A crucificação, para mim, — indiferente se houve ou não esse momento histórico —, é um arquétipo que aponta para o momento culminante, atingido depois de uma longa Via-crúcis de autoconhecimento, onde corremos de um lado para o outro, em meio a barulhenta e inconsciente multidão, onde caímos e levantamos — por vezes sob o maldoso sorriso de muitos que dela fazem parte — devido o pesado fardo de nossa existência destituída de real inteligência criadora.
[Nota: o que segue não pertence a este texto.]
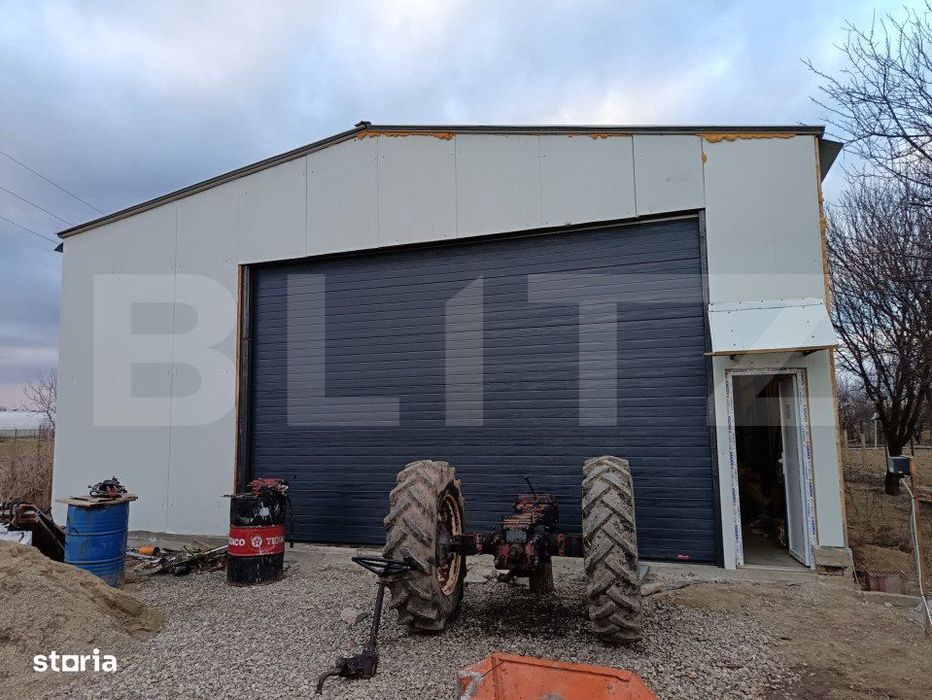 Hala Industriala 200 mp, Teren 4500 mp, zona Pietrosani PH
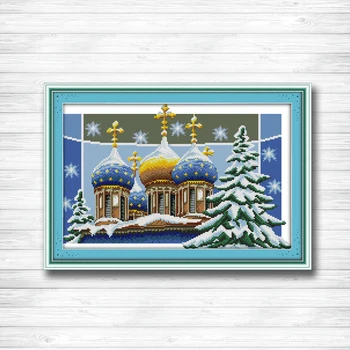 Christmas Castle Scenery dmc 14CT 11CT counted cross stitch Needlework Set Embroidery kits chinese cross stitch Home decor
Christmas Castle Scenery dmc 14CT 11CT counted cross stitch Needlework Set Embroidery kits chinese cross stitch Home decor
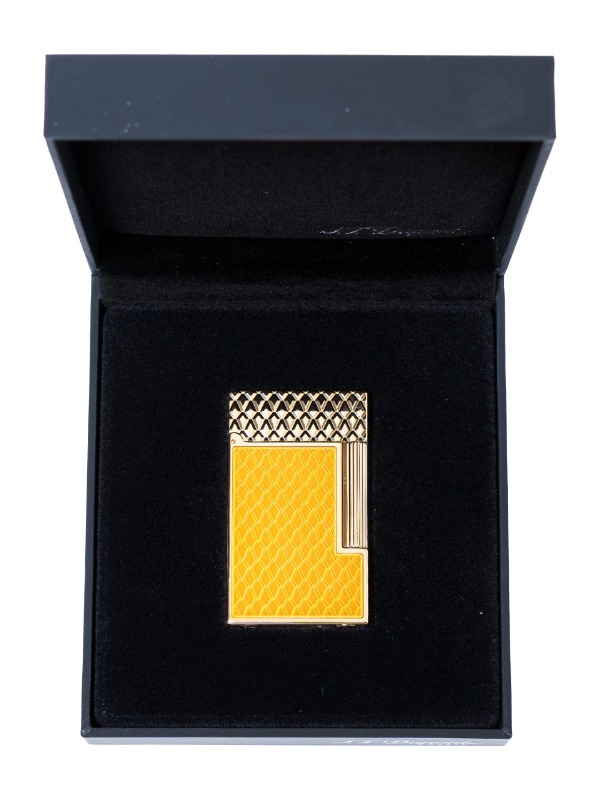 S.T. Dupont Line 2 Lighter Gold Dragon Scales – C16630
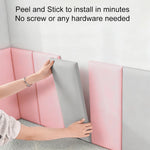panneaux muraux autocollants 3d quadrillés modernes blanc gris rose noir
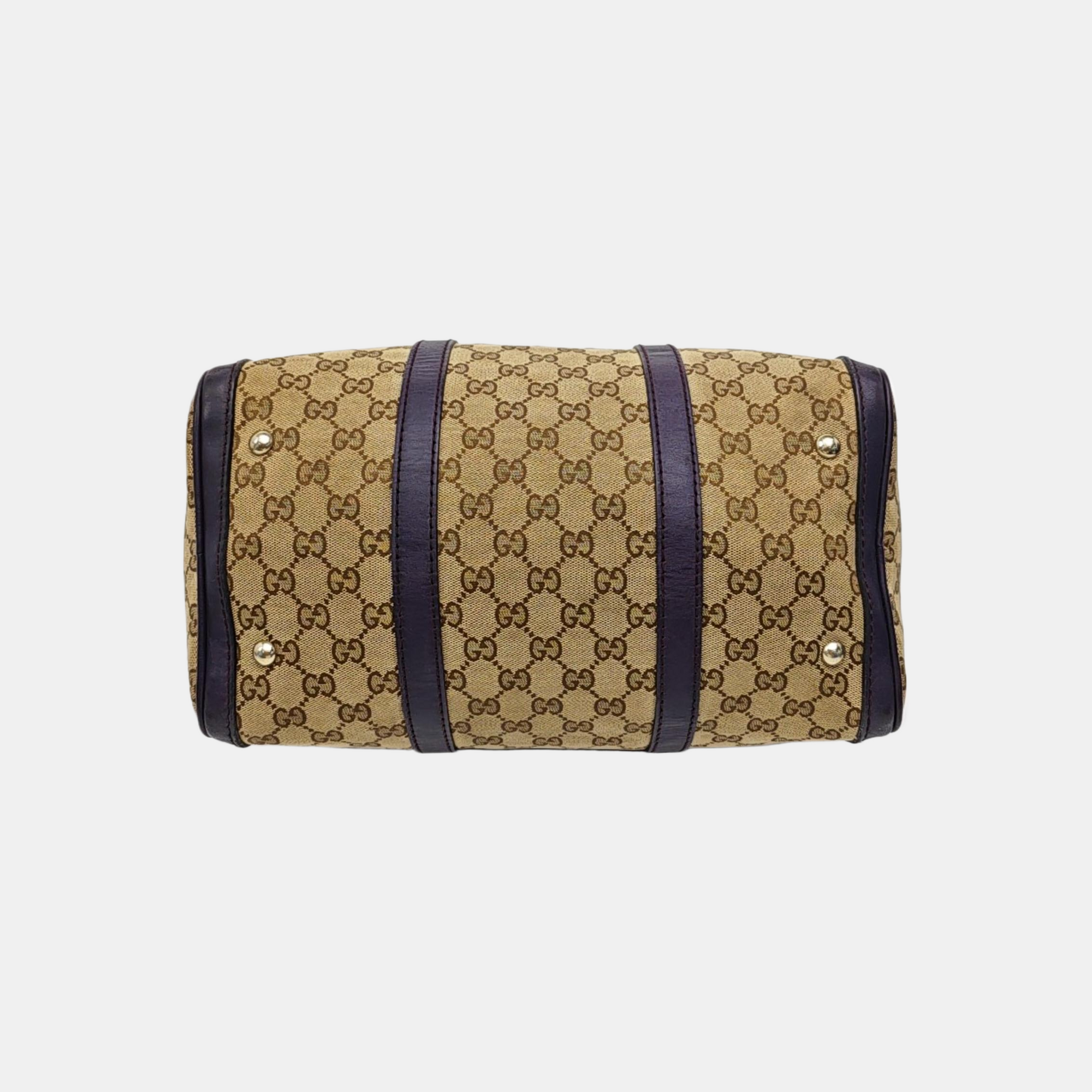 Boston Monogram Canvas Beige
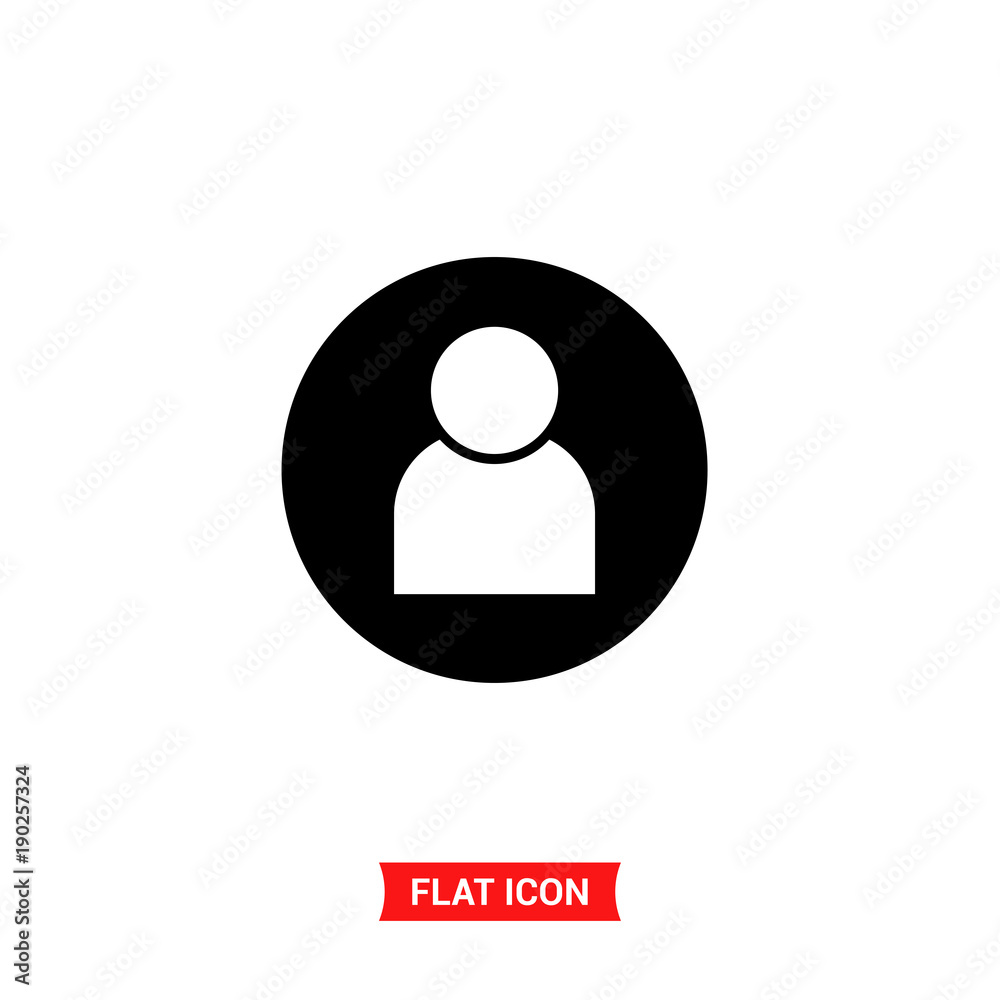 Profile photo vector icon Profile photo vector icon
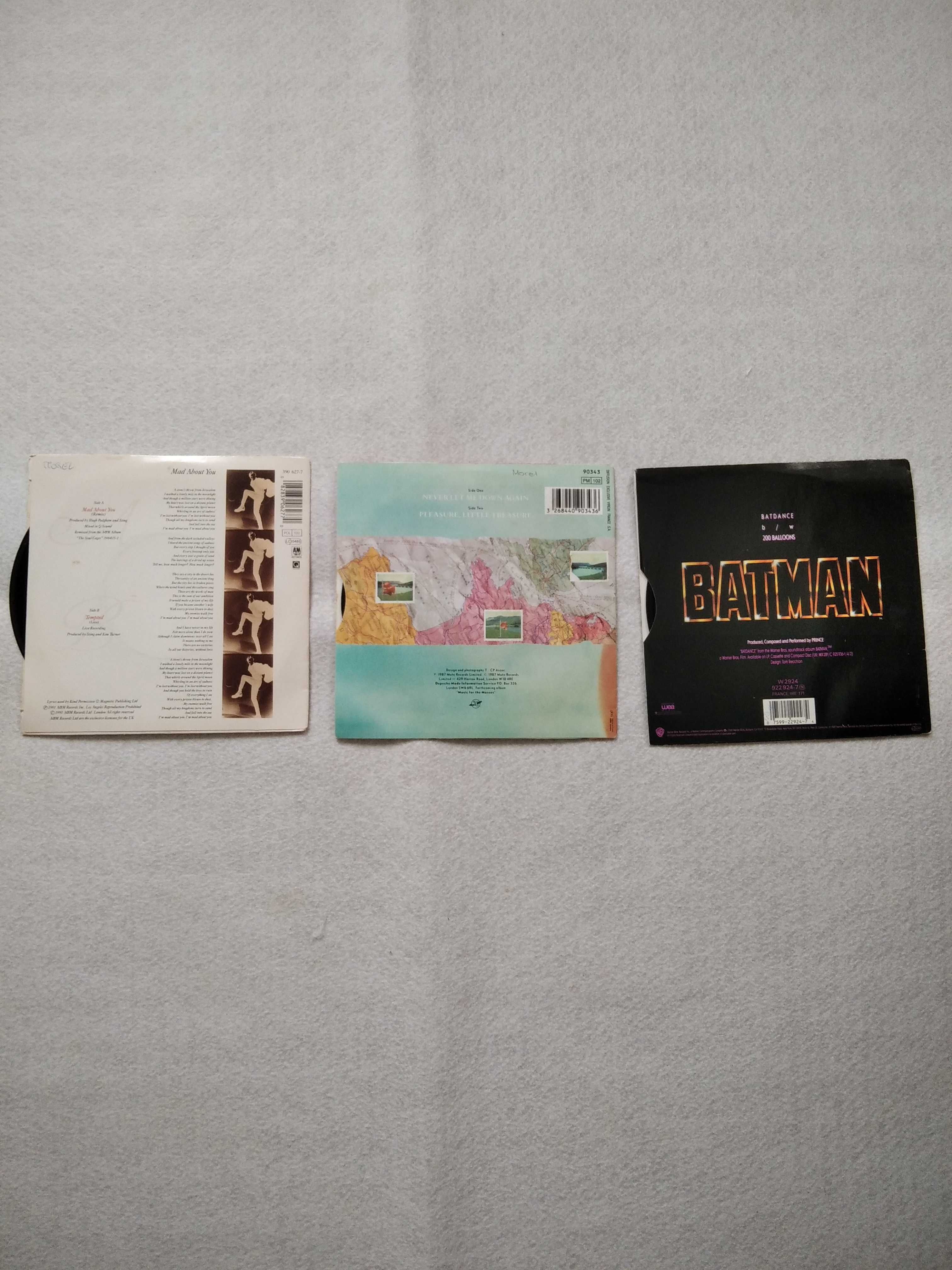 Vinils Batman Prince, Depeche Mode, Sting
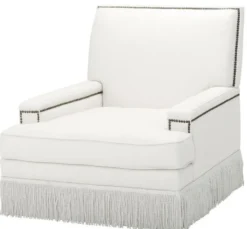 Casa Padrino Luxus Designer Sessel Weiß 90 x 102 x H. 90 cm - Wohnzimmer Möbel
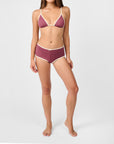 [Plum/Antique White] - Model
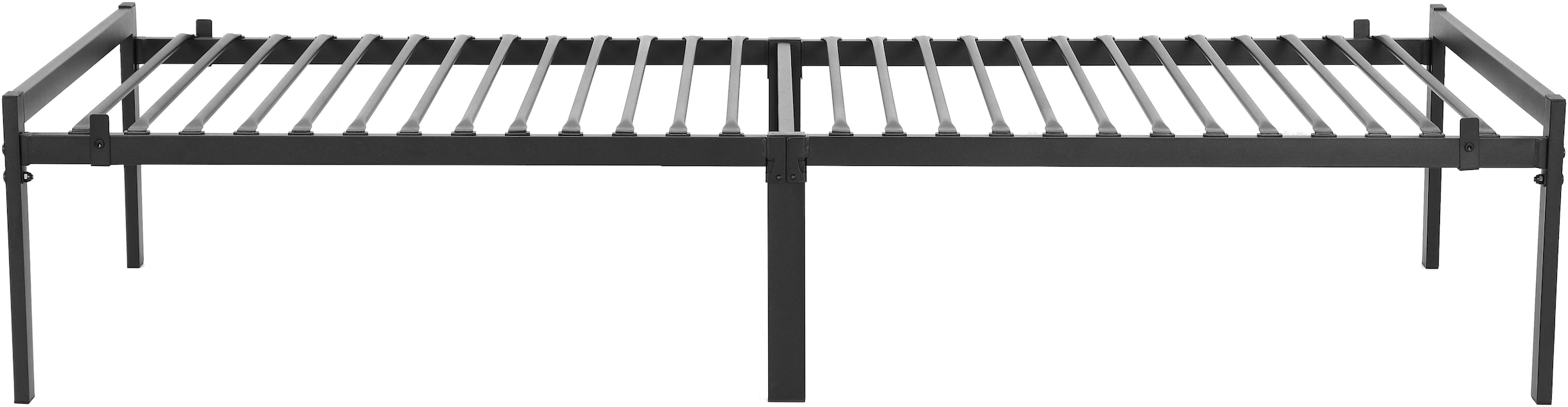 OTTO home Metallbett »LIST Bett Bettgestell Bettrahmen Einzelbett Doppelbett«, (Stahlbett schwarz in TOP Qualität und 4 Breiten), Bett mit 26 Lattenroste zum Schutz der Matratze Bestseller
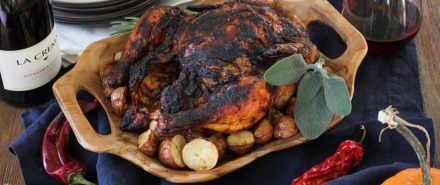 Latin Thanksgiving: Mole Roasted Chicken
A crucificação é aquele momento em que nossos pés estão presos para que não possamos dar continuidade a constante fuga para o externo de nós; nossas mãos estão presas para que não possam mais fazer uso de livros, filmes e tantas outras coisas mais, as quais usamos durante nossa Via-crúcis de autoconhecimento. A coroa de espinhos, uma representação da observação do conflituoso e doloroso conteúdo de nossa mente, que nos faz, literalmente, soar, ainda que não seja um suor de sangue, mas um suor psíquico e visceral e não o costumeiro suor de nossa superficial e monótona rotina física. É a representação daquele momento em que, exaustos, finalmente dizemos:
"Pai, em tuas mãos entrego meu espírito... Em Tuas mãos, Pai e, não mais, nas mãos de nenhum guru, de nenhum lugar, de nenhum sistema de crença, de nenhuma prática — por mais brilhantes que estes sejam — a nada mais que seja exterior a este ser que, em Seu Ser, sou".
E isto se dá no topo do Gólgota, que no aramaico tem como significado a palavra "crânio"; é a representação do momento de esfacelamento do intelecto, da razão, da lógica e do nosso inconsciente vício de pensar, para a ocorrência da inefável trans-mentalização.